* Work task *
Between the line containing "Отель Appart'City Confort" and the line containing "frei öl Hydrate Bodylotion-250 ml" lies a run of lines; give that run again exactly, with both of those lines, and nothing else from the entries below.

* Exercise material *
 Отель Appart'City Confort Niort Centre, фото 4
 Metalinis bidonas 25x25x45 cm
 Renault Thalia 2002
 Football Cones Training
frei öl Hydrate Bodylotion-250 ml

* * *

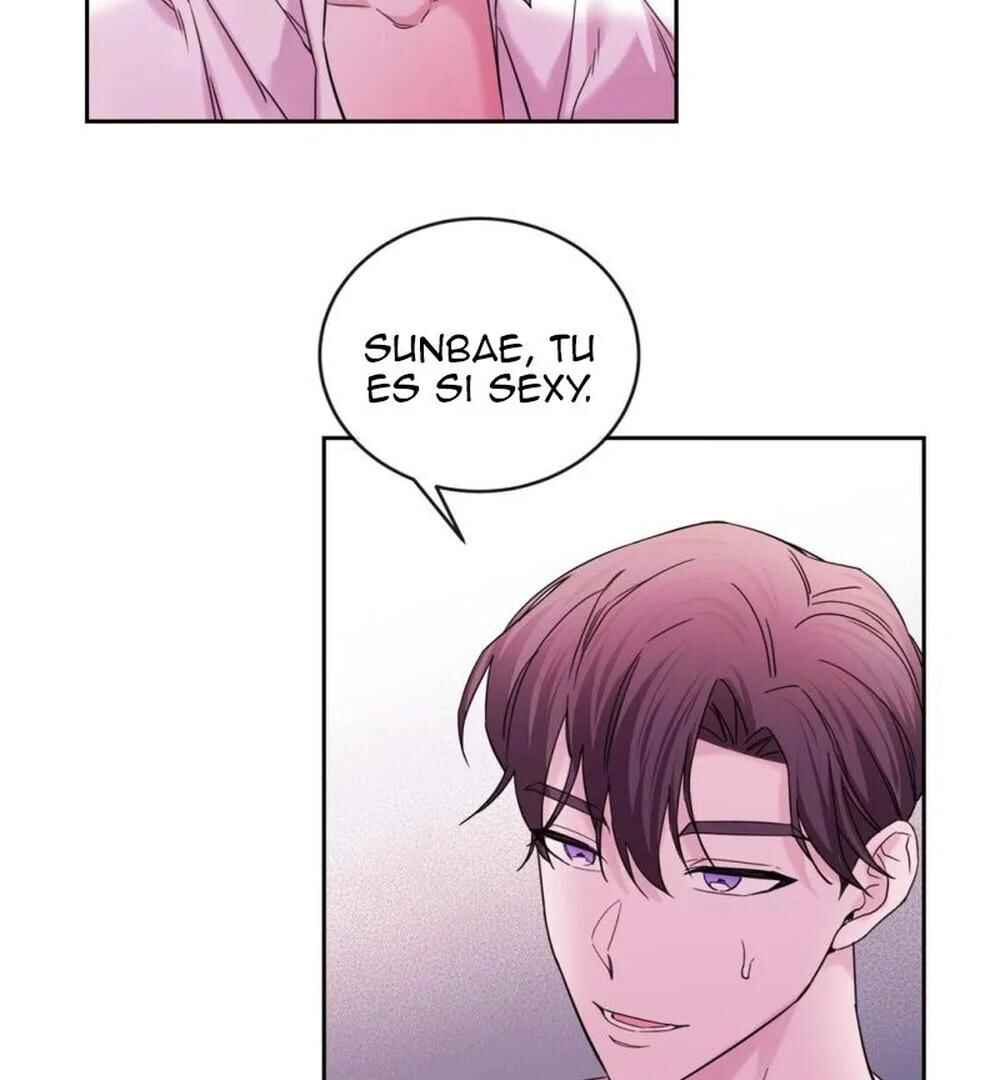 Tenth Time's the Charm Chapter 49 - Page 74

* Solution to this problem *
 Отель Appart'City Confort Niort Centre, фото 4
 Metalinis bidonas 25x25x45 cm
 Renault Thalia 2002
 Football Cones Training
frei öl Hydrate Bodylotion-250 ml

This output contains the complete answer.